══ Records to process
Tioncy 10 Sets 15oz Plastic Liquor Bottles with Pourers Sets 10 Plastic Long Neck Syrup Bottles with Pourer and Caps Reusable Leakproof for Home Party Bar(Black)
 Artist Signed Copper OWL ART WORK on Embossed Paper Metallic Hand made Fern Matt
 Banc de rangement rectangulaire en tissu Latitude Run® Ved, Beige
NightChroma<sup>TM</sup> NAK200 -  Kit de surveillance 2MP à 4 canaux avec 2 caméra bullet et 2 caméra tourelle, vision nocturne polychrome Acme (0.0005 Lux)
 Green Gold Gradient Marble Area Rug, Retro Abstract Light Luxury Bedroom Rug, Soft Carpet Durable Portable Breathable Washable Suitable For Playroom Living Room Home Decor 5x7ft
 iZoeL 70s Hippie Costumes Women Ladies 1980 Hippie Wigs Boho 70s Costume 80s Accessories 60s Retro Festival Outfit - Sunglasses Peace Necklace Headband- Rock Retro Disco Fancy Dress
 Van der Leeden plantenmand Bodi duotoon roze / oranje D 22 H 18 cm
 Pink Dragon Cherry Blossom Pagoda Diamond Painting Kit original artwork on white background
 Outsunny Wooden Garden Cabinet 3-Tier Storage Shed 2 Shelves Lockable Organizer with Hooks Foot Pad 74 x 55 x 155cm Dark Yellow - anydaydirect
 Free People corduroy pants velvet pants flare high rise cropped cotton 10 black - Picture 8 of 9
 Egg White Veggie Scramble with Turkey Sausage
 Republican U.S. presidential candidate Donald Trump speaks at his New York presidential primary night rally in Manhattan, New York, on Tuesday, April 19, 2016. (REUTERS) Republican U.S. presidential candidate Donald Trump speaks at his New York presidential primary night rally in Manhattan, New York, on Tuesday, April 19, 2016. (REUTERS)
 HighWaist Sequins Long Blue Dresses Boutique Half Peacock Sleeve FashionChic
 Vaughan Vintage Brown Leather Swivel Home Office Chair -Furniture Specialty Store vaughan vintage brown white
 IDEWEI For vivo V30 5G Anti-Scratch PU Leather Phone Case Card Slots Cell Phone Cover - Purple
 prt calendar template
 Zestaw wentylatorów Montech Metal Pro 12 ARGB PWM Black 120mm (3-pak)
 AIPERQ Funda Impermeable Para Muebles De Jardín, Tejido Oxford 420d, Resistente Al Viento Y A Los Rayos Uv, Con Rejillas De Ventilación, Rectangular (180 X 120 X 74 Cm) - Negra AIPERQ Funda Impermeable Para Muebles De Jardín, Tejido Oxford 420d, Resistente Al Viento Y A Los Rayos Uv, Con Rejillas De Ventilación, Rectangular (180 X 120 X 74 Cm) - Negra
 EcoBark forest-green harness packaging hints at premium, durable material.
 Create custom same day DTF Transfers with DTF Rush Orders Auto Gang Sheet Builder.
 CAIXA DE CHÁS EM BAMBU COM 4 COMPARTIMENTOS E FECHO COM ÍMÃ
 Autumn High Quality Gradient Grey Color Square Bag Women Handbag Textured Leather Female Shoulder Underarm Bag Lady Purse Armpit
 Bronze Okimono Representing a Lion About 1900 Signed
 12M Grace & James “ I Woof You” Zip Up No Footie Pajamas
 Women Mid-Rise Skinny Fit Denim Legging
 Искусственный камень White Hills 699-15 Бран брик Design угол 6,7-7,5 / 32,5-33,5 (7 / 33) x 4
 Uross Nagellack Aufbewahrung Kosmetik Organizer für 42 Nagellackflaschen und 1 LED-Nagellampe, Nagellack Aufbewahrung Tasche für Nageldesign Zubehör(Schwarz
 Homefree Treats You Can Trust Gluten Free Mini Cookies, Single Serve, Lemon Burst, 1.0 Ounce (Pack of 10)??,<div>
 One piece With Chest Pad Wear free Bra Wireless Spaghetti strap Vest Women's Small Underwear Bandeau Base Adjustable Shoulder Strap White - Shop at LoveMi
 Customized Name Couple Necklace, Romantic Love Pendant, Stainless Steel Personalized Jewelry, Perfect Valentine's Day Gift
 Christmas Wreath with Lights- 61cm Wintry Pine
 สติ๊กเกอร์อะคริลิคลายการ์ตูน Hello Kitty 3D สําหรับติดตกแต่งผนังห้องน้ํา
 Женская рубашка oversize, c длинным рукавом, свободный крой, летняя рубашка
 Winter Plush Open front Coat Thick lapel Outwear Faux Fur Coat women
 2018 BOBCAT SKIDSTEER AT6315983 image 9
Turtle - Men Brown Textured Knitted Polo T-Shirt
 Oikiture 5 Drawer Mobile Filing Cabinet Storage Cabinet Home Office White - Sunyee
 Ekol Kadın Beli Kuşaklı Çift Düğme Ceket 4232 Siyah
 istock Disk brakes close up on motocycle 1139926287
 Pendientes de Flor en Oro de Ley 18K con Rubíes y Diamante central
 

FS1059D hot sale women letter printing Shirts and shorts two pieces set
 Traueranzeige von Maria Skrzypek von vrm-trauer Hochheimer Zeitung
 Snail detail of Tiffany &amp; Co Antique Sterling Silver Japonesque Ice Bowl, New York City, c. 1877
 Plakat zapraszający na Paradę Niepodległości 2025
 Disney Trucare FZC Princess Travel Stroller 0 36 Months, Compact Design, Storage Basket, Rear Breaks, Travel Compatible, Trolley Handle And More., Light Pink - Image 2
════
_About this task_
Write all the data out again, exactly.

_Solution_
Tioncy 10 Sets 15oz Plastic Liquor Bottles with Pourers Sets 10 Plastic Long Neck Syrup Bottles with Pourer and Caps Reusable Leakproof for Home Party Bar(Black)
 Artist Signed Copper OWL ART WORK on Embossed Paper Metallic Hand made Fern Matt
 Banc de rangement rectangulaire en tissu Latitude Run® Ved, Beige
NightChroma<sup>TM</sup> NAK200 -  Kit de surveillance 2MP à 4 canaux avec 2 caméra bullet et 2 caméra tourelle, vision nocturne polychrome Acme (0.0005 Lux)
 Green Gold Gradient Marble Area Rug, Retro Abstract Light Luxury Bedroom Rug, Soft Carpet Durable Portable Breathable Washable Suitable For Playroom Living Room Home Decor 5x7ft
 iZoeL 70s Hippie Costumes Women Ladies 1980 Hippie Wigs Boho 70s Costume 80s Accessories 60s Retro Festival Outfit - Sunglasses Peace Necklace Headband- Rock Retro Disco Fancy Dress
 Van der Leeden plantenmand Bodi duotoon roze / oranje D 22 H 18 cm
 Pink Dragon Cherry Blossom Pagoda Diamond Painting Kit original artwork on white background
 Outsunny Wooden Garden Cabinet 3-Tier Storage Shed 2 Shelves Lockable Organizer with Hooks Foot Pad 74 x 55 x 155cm Dark Yellow - anydaydirect
 Free People corduroy pants velvet pants flare high rise cropped cotton 10 black - Picture 8 of 9
 Egg White Veggie Scramble with Turkey Sausage
 Republican U.S. presidential candidate Donald Trump speaks at his New York presidential primary night rally in Manhattan, New York, on Tuesday, April 19, 2016. (REUTERS) Republican U.S. presidential candidate Donald Trump speaks at his New York presidential primary night rally in Manhattan, New York, on Tuesday, April 19, 2016. (REUTERS)
 HighWaist Sequins Long Blue Dresses Boutique Half Peacock Sleeve FashionChic
 Vaughan Vintage Brown Leather Swivel Home Office Chair -Furniture Specialty Store vaughan vintage brown white
 IDEWEI For vivo V30 5G Anti-Scratch PU Leather Phone Case Card Slots Cell Phone Cover - Purple
 prt calendar template
 Zestaw wentylatorów Montech Metal Pro 12 ARGB PWM Black 120mm (3-pak)
 AIPERQ Funda Impermeable Para Muebles De Jardín, Tejido Oxford 420d, Resistente Al Viento Y A Los Rayos Uv, Con Rejillas De Ventilación, Rectangular (180 X 120 X 74 Cm) - Negra AIPERQ Funda Impermeable Para Muebles De Jardín, Tejido Oxford 420d, Resistente Al Viento Y A Los Rayos Uv, Con Rejillas De Ventilación, Rectangular (180 X 120 X 74 Cm) - Negra
 EcoBark forest-green harness packaging hints at premium, durable material.
 Create custom same day DTF Transfers with DTF Rush Orders Auto Gang Sheet Builder.
 CAIXA DE CHÁS EM BAMBU COM 4 COMPARTIMENTOS E FECHO COM ÍMÃ
 Autumn High Quality Gradient Grey Color Square Bag Women Handbag Textured Leather Female Shoulder Underarm Bag Lady Purse Armpit
 Bronze Okimono Representing a Lion About 1900 Signed
 12M Grace & James “ I Woof You” Zip Up No Footie Pajamas
 Women Mid-Rise Skinny Fit Denim Legging
 Искусственный камень White Hills 699-15 Бран брик Design угол 6,7-7,5 / 32,5-33,5 (7 / 33) x 4
 Uross Nagellack Aufbewahrung Kosmetik Organizer für 42 Nagellackflaschen und 1 LED-Nagellampe, Nagellack Aufbewahrung Tasche für Nageldesign Zubehör(Schwarz
 Homefree Treats You Can Trust Gluten Free Mini Cookies, Single Serve, Lemon Burst, 1.0 Ounce (Pack of 10)??,<div>
 One piece With Chest Pad Wear free Bra Wireless Spaghetti strap Vest Women's Small Underwear Bandeau Base Adjustable Shoulder Strap White - Shop at LoveMi
 Customized Name Couple Necklace, Romantic Love Pendant, Stainless Steel Personalized Jewelry, Perfect Valentine's Day Gift
 Christmas Wreath with Lights- 61cm Wintry Pine
 สติ๊กเกอร์อะคริลิคลายการ์ตูน Hello Kitty 3D สําหรับติดตกแต่งผนังห้องน้ํา
 Женская рубашка oversize, c длинным рукавом, свободный крой, летняя рубашка
 Winter Plush Open front Coat Thick lapel Outwear Faux Fur Coat women
 2018 BOBCAT SKIDSTEER AT6315983 image 9
Turtle - Men Brown Textured Knitted Polo T-Shirt
 Oikiture 5 Drawer Mobile Filing Cabinet Storage Cabinet Home Office White - Sunyee
 Ekol Kadın Beli Kuşaklı Çift Düğme Ceket 4232 Siyah
 istock Disk brakes close up on motocycle 1139926287
 Pendientes de Flor en Oro de Ley 18K con Rubíes y Diamante central
 

FS1059D hot sale women letter printing Shirts and shorts two pieces set
 Traueranzeige von Maria Skrzypek von vrm-trauer Hochheimer Zeitung
 Snail detail of Tiffany &amp; Co Antique Sterling Silver Japonesque Ice Bowl, New York City, c. 1877
 Plakat zapraszający na Paradę Niepodległości 2025
 Disney Trucare FZC Princess Travel Stroller 0 36 Months, Compact Design, Storage Basket, Rear Breaks, Travel Compatible, Trolley Handle And More., Light Pink - Image 2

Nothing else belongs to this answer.